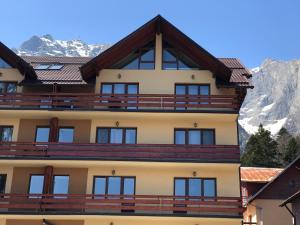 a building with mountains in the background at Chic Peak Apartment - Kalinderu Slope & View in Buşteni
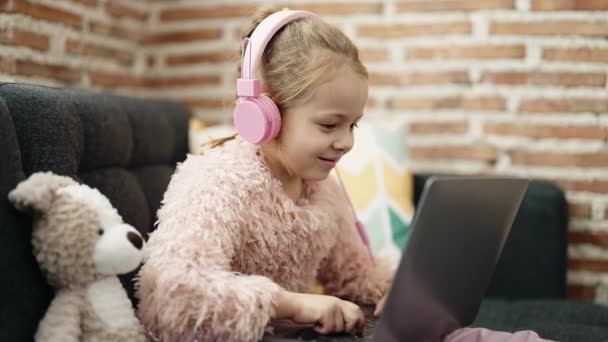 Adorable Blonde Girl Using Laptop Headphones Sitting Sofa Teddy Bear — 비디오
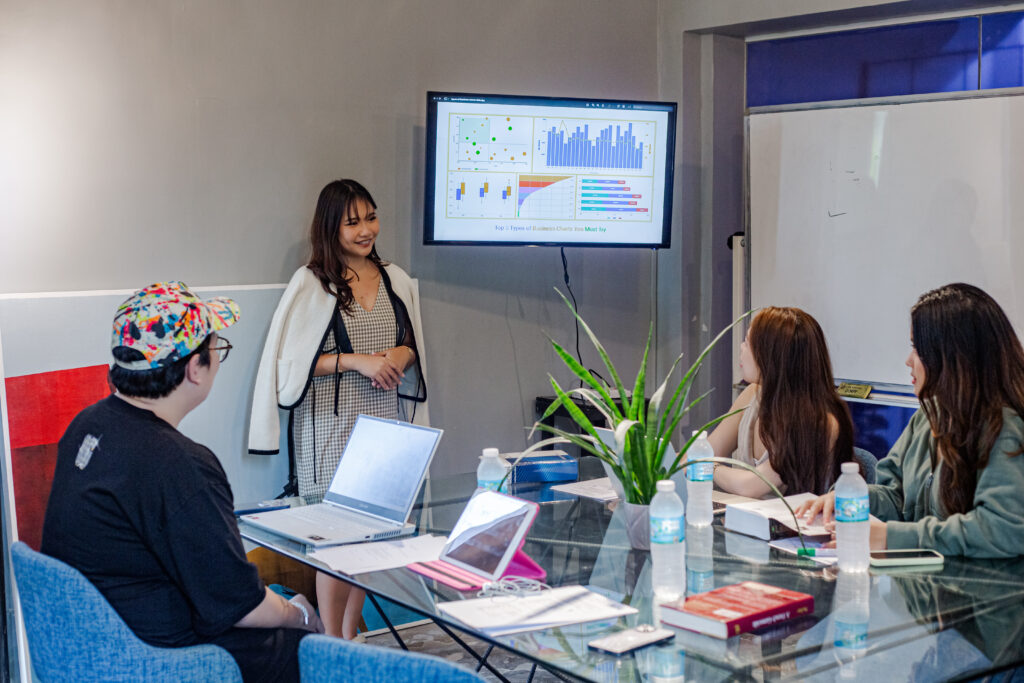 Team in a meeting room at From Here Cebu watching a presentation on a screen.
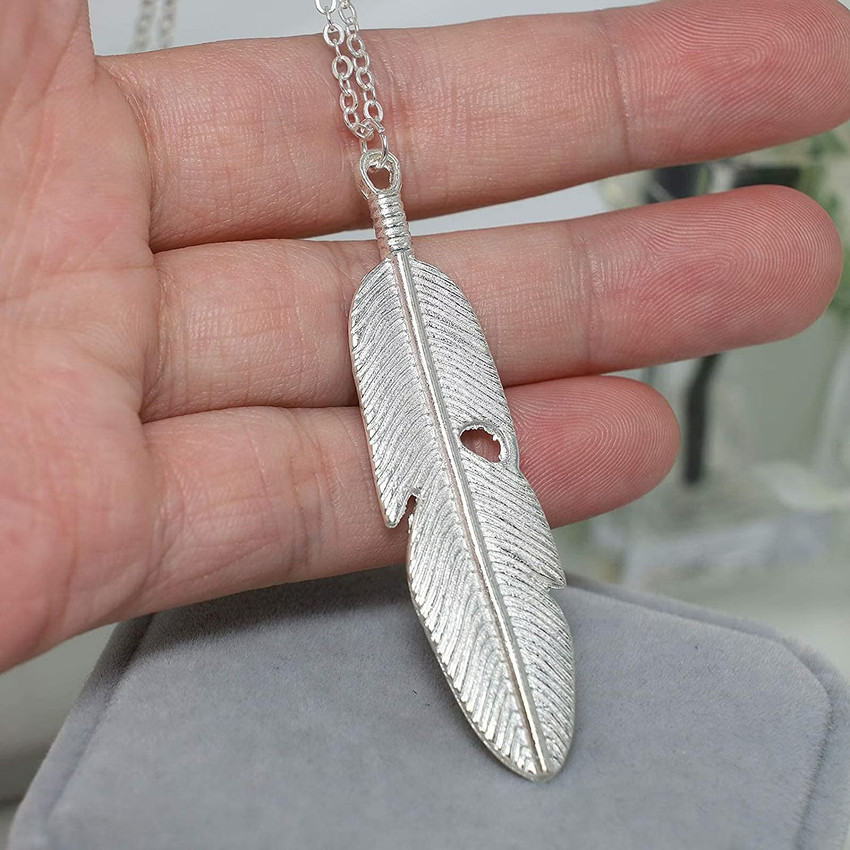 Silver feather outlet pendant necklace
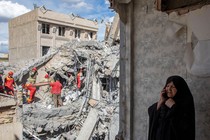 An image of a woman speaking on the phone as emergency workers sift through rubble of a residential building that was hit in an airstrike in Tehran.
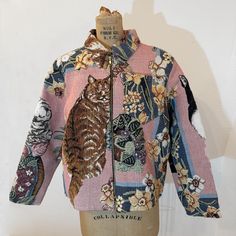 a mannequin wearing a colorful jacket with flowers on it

----

Take the line with "Team in a meeting" as the first line and the last line of the records above as the final one; reproduce exactly the lines between them, both included, without pictures.

 Team in a meeting room at From Here Cebu watching a presentation on a screen.
 Silver feather outlet pendant necklace
 An image of a woman speaking on the phone as emergency workers sift through rubble of a residential building that was hit in an airstrike in Tehran.
 a mannequin wearing a colorful jacket with flowers on it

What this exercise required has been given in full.